*** Block opens ***

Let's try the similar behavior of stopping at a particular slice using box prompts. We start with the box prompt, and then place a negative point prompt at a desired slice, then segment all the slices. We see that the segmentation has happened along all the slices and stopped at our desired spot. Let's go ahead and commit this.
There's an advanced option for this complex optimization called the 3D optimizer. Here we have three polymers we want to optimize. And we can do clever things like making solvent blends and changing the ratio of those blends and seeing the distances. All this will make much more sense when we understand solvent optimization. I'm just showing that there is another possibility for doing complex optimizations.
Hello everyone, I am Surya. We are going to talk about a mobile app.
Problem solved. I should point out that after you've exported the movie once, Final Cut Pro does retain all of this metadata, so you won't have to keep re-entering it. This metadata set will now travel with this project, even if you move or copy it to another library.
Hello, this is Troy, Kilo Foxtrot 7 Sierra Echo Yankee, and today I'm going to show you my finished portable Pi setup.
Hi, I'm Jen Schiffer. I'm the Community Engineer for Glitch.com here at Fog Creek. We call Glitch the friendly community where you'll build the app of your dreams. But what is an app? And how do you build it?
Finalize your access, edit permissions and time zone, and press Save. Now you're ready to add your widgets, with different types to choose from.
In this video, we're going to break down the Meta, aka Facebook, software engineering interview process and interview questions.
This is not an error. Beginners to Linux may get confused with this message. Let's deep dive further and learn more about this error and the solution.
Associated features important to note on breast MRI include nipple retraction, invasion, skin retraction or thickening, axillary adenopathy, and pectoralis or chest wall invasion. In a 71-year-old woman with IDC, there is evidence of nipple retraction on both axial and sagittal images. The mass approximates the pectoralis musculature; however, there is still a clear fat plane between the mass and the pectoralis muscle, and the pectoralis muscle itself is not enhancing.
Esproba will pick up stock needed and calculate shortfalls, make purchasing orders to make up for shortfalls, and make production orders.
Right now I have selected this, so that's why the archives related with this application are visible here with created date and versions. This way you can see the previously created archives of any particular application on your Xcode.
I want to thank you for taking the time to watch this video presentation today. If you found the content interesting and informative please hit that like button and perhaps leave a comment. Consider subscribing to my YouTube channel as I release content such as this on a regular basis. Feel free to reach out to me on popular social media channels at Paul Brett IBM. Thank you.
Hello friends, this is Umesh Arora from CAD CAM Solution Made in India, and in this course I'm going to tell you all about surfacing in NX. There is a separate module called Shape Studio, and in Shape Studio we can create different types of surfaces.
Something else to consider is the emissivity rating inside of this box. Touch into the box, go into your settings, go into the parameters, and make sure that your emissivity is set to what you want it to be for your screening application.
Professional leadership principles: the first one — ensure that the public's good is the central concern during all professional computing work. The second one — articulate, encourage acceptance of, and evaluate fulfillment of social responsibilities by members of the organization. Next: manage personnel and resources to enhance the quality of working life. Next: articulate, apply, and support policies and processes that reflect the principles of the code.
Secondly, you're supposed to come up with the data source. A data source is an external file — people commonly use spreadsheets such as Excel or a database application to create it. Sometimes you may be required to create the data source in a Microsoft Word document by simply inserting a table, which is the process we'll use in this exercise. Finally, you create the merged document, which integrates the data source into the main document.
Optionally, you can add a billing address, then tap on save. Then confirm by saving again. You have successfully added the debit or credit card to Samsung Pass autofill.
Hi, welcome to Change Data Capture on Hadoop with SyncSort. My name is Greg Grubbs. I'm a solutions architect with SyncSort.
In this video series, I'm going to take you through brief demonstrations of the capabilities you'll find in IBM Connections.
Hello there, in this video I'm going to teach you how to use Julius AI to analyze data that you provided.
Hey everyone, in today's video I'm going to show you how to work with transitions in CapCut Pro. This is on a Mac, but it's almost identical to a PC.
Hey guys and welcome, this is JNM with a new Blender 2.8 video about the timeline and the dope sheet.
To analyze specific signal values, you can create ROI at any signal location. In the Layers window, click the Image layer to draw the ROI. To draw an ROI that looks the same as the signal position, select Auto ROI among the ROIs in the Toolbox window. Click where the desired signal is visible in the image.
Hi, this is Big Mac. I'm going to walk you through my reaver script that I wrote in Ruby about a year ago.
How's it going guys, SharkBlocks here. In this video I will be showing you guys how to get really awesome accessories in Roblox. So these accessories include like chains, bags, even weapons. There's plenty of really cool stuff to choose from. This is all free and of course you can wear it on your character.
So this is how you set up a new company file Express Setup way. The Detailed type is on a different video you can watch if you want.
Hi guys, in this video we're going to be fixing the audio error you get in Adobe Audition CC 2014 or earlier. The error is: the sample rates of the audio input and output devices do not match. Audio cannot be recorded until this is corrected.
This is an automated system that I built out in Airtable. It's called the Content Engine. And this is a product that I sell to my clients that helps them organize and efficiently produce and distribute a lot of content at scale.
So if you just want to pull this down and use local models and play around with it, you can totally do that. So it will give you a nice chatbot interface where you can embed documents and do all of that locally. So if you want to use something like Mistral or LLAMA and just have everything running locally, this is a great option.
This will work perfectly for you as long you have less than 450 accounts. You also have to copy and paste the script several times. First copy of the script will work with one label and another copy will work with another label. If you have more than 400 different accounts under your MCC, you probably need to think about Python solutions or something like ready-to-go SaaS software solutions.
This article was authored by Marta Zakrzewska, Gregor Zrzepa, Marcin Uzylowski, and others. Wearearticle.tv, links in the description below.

*** Block closes ***

> [EXERCISE DETAILS]: Your task is to transcribe the material exactly.

> [OUTPUT FOR THIS TASK]:
Let's try the similar behavior of stopping at a particular slice using box prompts. We start with the box prompt, and then place a negative point prompt at a desired slice, then segment all the slices. We see that the segmentation has happened along all the slices and stopped at our desired spot. Let's go ahead and commit this.
There's an advanced option for this complex optimization called the 3D optimizer. Here we have three polymers we want to optimize. And we can do clever things like making solvent blends and changing the ratio of those blends and seeing the distances. All this will make much more sense when we understand solvent optimization. I'm just showing that there is another possibility for doing complex optimizations.
Hello everyone, I am Surya. We are going to talk about a mobile app.
Problem solved. I should point out that after you've exported the movie once, Final Cut Pro does retain all of this metadata, so you won't have to keep re-entering it. This metadata set will now travel with this project, even if you move or copy it to another library.
Hello, this is Troy, Kilo Foxtrot 7 Sierra Echo Yankee, and today I'm going to show you my finished portable Pi setup.
Hi, I'm Jen Schiffer. I'm the Community Engineer for Glitch.com here at Fog Creek. We call Glitch the friendly community where you'll build the app of your dreams. But what is an app? And how do you build it?
Finalize your access, edit permissions and time zone, and press Save. Now you're ready to add your widgets, with different types to choose from.
In this video, we're going to break down the Meta, aka Facebook, software engineering interview process and interview questions.
This is not an error. Beginners to Linux may get confused with this message. Let's deep dive further and learn more about this error and the solution.
Associated features important to note on breast MRI include nipple retraction, invasion, skin retraction or thickening, axillary adenopathy, and pectoralis or chest wall invasion. In a 71-year-old woman with IDC, there is evidence of nipple retraction on both axial and sagittal images. The mass approximates the pectoralis musculature; however, there is still a clear fat plane between the mass and the pectoralis muscle, and the pectoralis muscle itself is not enhancing.
Esproba will pick up stock needed and calculate shortfalls, make purchasing orders to make up for shortfalls, and make production orders.
Right now I have selected this, so that's why the archives related with this application are visible here with created date and versions. This way you can see the previously created archives of any particular application on your Xcode.
I want to thank you for taking the time to watch this video presentation today. If you found the content interesting and informative please hit that like button and perhaps leave a comment. Consider subscribing to my YouTube channel as I release content such as this on a regular basis. Feel free to reach out to me on popular social media channels at Paul Brett IBM. Thank you.
Hello friends, this is Umesh Arora from CAD CAM Solution Made in India, and in this course I'm going to tell you all about surfacing in NX. There is a separate module called Shape Studio, and in Shape Studio we can create different types of surfaces.
Something else to consider is the emissivity rating inside of this box. Touch into the box, go into your settings, go into the parameters, and make sure that your emissivity is set to what you want it to be for your screening application.
Professional leadership principles: the first one — ensure that the public's good is the central concern during all professional computing work. The second one — articulate, encourage acceptance of, and evaluate fulfillment of social responsibilities by members of the organization. Next: manage personnel and resources to enhance the quality of working life. Next: articulate, apply, and support policies and processes that reflect the principles of the code.
Secondly, you're supposed to come up with the data source. A data source is an external file — people commonly use spreadsheets such as Excel or a database application to create it. Sometimes you may be required to create the data source in a Microsoft Word document by simply inserting a table, which is the process we'll use in this exercise. Finally, you create the merged document, which integrates the data source into the main document.
Optionally, you can add a billing address, then tap on save. Then confirm by saving again. You have successfully added the debit or credit card to Samsung Pass autofill.
Hi, welcome to Change Data Capture on Hadoop with SyncSort. My name is Greg Grubbs. I'm a solutions architect with SyncSort.
In this video series, I'm going to take you through brief demonstrations of the capabilities you'll find in IBM Connections.
Hello there, in this video I'm going to teach you how to use Julius AI to analyze data that you provided.
Hey everyone, in today's video I'm going to show you how to work with transitions in CapCut Pro. This is on a Mac, but it's almost identical to a PC.
Hey guys and welcome, this is JNM with a new Blender 2.8 video about the timeline and the dope sheet.
To analyze specific signal values, you can create ROI at any signal location. In the Layers window, click the Image layer to draw the ROI. To draw an ROI that looks the same as the signal position, select Auto ROI among the ROIs in the Toolbox window. Click where the desired signal is visible in the image.
Hi, this is Big Mac. I'm going to walk you through my reaver script that I wrote in Ruby about a year ago.
How's it going guys, SharkBlocks here. In this video I will be showing you guys how to get really awesome accessories in Roblox. So these accessories include like chains, bags, even weapons. There's plenty of really cool stuff to choose from. This is all free and of course you can wear it on your character.
So this is how you set up a new company file Express Setup way. The Detailed type is on a different video you can watch if you want.
Hi guys, in this video we're going to be fixing the audio error you get in Adobe Audition CC 2014 or earlier. The error is: the sample rates of the audio input and output devices do not match. Audio cannot be recorded until this is corrected.
This is an automated system that I built out in Airtable. It's called the Content Engine. And this is a product that I sell to my clients that helps them organize and efficiently produce and distribute a lot of content at scale.
So if you just want to pull this down and use local models and play around with it, you can totally do that. So it will give you a nice chatbot interface where you can embed documents and do all of that locally. So if you want to use something like Mistral or LLAMA and just have everything running locally, this is a great option.
This will work perfectly for you as long you have less than 450 accounts. You also have to copy and paste the script several times. First copy of the script will work with one label and another copy will work with another label. If you have more than 400 different accounts under your MCC, you probably need to think about Python solutions or something like ready-to-go SaaS software solutions.
This article was authored by Marta Zakrzewska, Gregor Zrzepa, Marcin Uzylowski, and others. Wearearticle.tv, links in the description below.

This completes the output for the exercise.